| Rare Neurological Diseases  

Is treatment of SMA with onasemnogene abeparvovec associated with an immune response against the AAV vector?

The world has changed for patients and parents of children suffering from spinal muscular atrophy (SMA) type 1. Without treatment these children usually die around age 7 months, but the availability of Nusinersen which increases the SMN protein production has significantly changed the prognosis of these children.

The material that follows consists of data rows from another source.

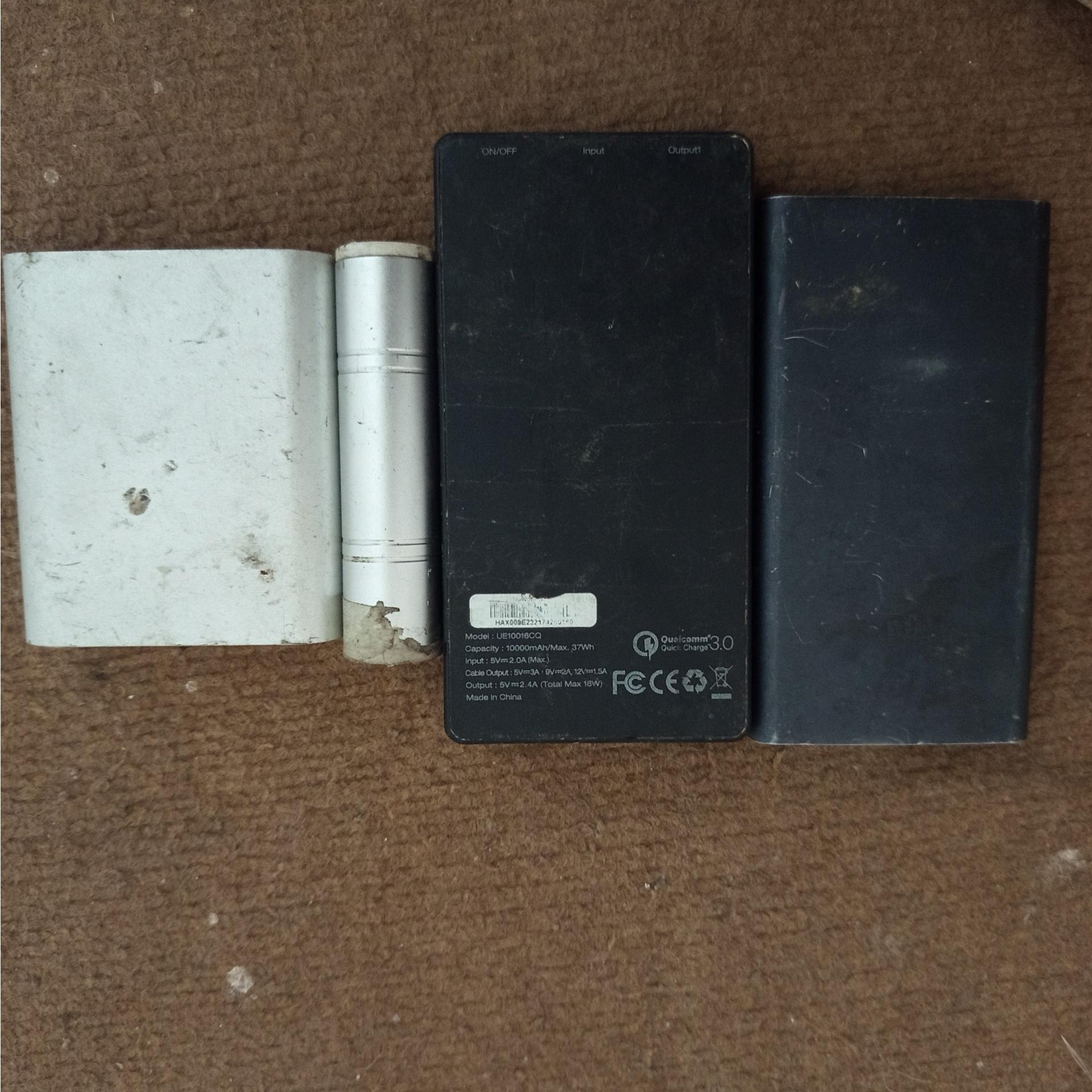 4عدد پاور بانک معیوب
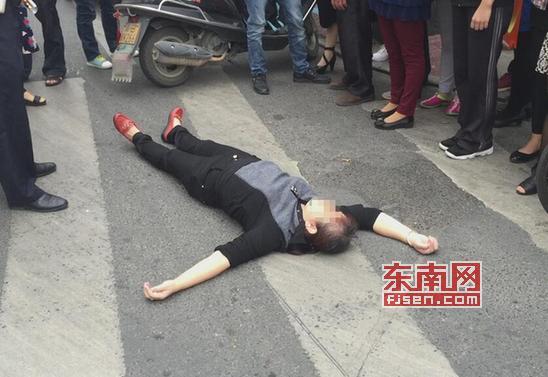 福建一妇女闯红灯被拦 为逃处罚跪地上躺马路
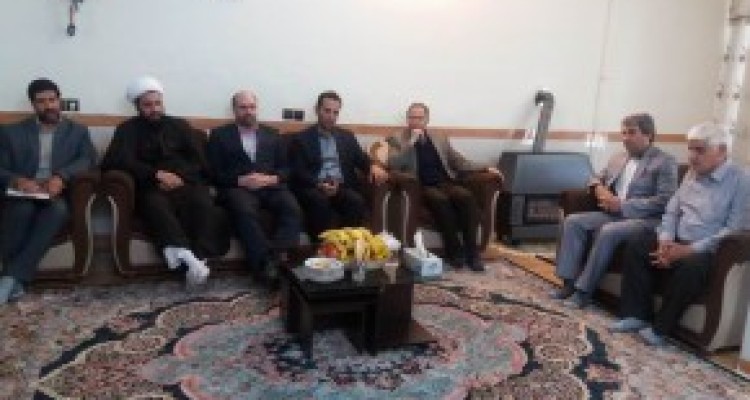 عزت و افتخار کشور، مرهون رشادت های شهدا است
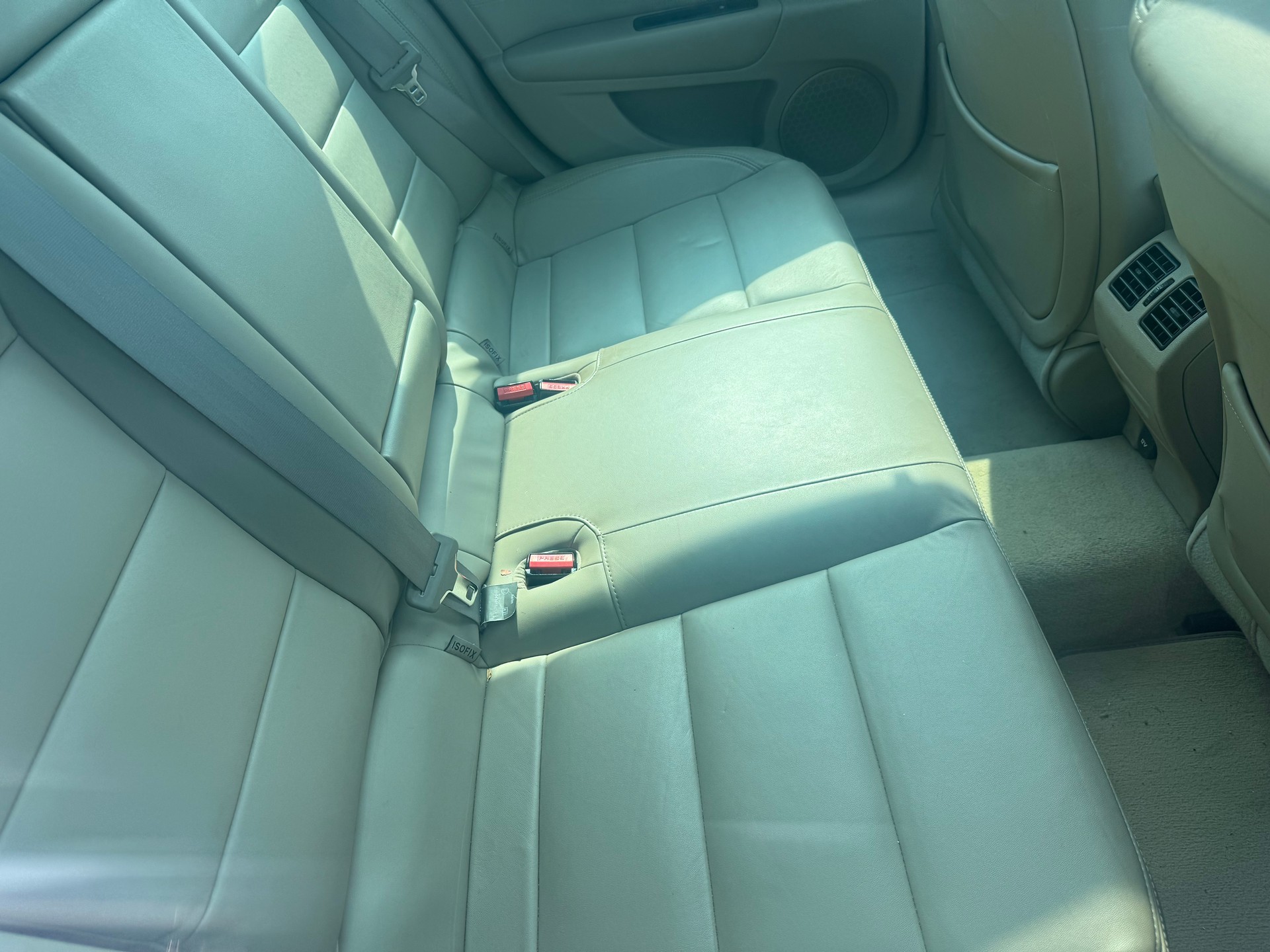 RENAULT Laguna Grandtour 2.0 dCi Dynamique Automatic-image-9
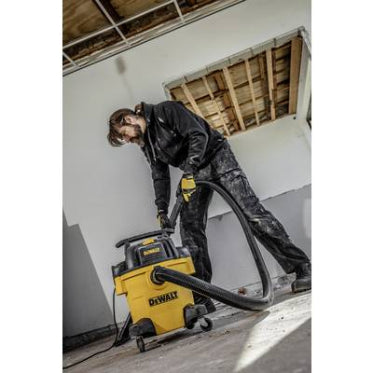 Dewalt Wet and Dry Vac Vacuum with Dust Collector | XMS25WDVAC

However, this drug has to be administered intrathecally and every 4 months. Onasemnogene abeparvovec (Zolgensma®) is an adeno-associated viral (AAV9) vector-based gene therapy, which introduces a functional copy of the SMN1 gene into motor neurons by means of a single intravenous injection, thus offering the advantage of a one-off intervention. Clinical trias have been performed on SMA type 1 patients up to the age of 8 months, yet the FDA approved the treatment for all SMA types up to the age of 2 years. EMA even extended the label to all patients either showing a phenotype of SMA type1 or having up to three SMN2 copies, raising the concern about off-target effects due to the dose of the drug being proportional to the body weight leading to higher viral vectors. This study reported preliminary safety findings from a series of eight consecutive patients older than eight months (10-37 months). All patients who had been treated with Nusinursen received the standard dose of onasemnogene abeparvovec and prednisolone treatment which was started on the day before administration of gene therapy. Despite prophylactic steroid treatment all patients showed a (sometimes markedly) increase of transaminase levels, which was associated with impaired liver function in one patient. Asymptomatic throm-bocytopenia was observed in 6 out of 8 patients. According to the authors these findings most likely reflect an acute immune response to the treatment with onasemnogene abeparvovec. The rate of clinical and laboratory findings in this case series is much higher than reported in the pivotal clinical trial conducted by Mendell et al. (1) and may be ascribed to the difference in age and body weight between the two cohorts.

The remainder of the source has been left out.